The core idea behind rehearsal methods is to store a small subset of past data in a memory buffer. When the model trains on a new task, it “replays” samples from this buffer to refresh its memory of old tasks, thus preventing catastrophic forgetting.

DER enhances this by not just storing the input data (e.g., images) and their labels, but also the logits (the raw output of the model before the final softmax) produced by the model when it first learned that data. When a past experience is replayed, we train the model on a dual objective:

Cross-Entropy Loss: The standard classification loss on the new data.
Dark Experience Loss: A distillation loss (typically MSE or L1) that penalizes differences between the current model’s logits and the stored logits for the replayed data.
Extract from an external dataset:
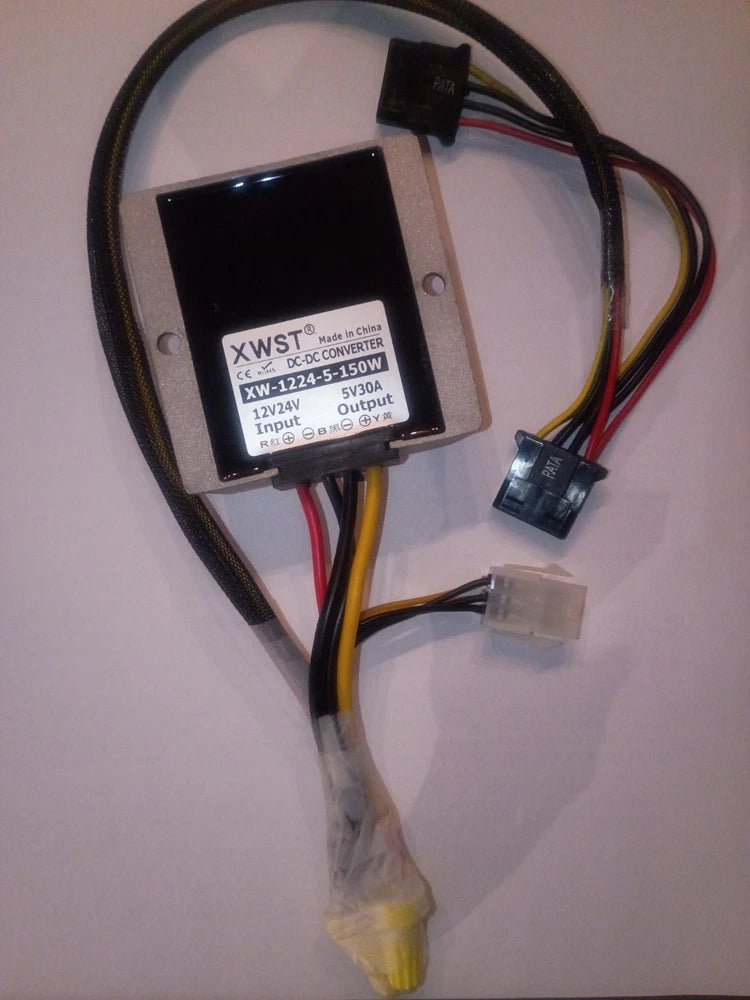 Black DC-DC converter module with attached multi-wire harness and labeled pins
This second loss encourages the model to remember how it made its previous predictions, preserving the learned representations more effectively than just using the ground-truth labels. Our implementation, der.py, uses this exact strategy.

Our final submission used the following key hyperparameters:

Buffer Size: 6000 samples
Dark Coefficient: 1.2

The Results: 6th Place Finish

After an intense competition, our Real-DEEL method secured 6th place on the final leaderboard for the supervised learning track.

CVPR 2021 Continual Learning Leaderboard showing Real-DEEL team in 6th place The final leaderboard for the Supervised Learning track.

Our final scores were:

Metric	Score
Final/Average Online Performance:	0.80
Final/Average Final Performance:	0.86
Final/Runtime (seconds):	482
Final/CL Score:	0.87

The plots below visualize our model’s performance. The first chart shows our strong final and online performance scores. The second chart illustrates the steady increase in average accuracy across tasks, demonstrating the model’s ability to learn continually without catastrophic forgetting.

Final Performance Metrics Test Accuracy Over Time

Finally, the plot below shows the behavior of the “Dark Loss” for several tasks. The spikes occur at the beginning of a new task, as the model’s predictions for replayed data initially diverge. The subsequent decrease shows the model successfully re-aligning with its past knowledge while learning the new task.

Dark Loss Per Task

Conclusion

The CVPR 2021 Continual Learning Challenge was a fantastic experience that validated the strength of rehearsal-based methods like Dark Experience Replay. Our 6th place finish demonstrates that this simple yet powerful technique is a formidable baseline for tackling the complex problem of catastrophic forgetting.

You can find the complete code for our submission on GitHub.

References

Buzzega, P., Boschini, M., Porrello, A., Abati, D., & Calderara, S. (2020). Dark experience for general continual learning: a strong, simple baseline. Advances in Neural Information Processing Systems, 33, 15920–15930.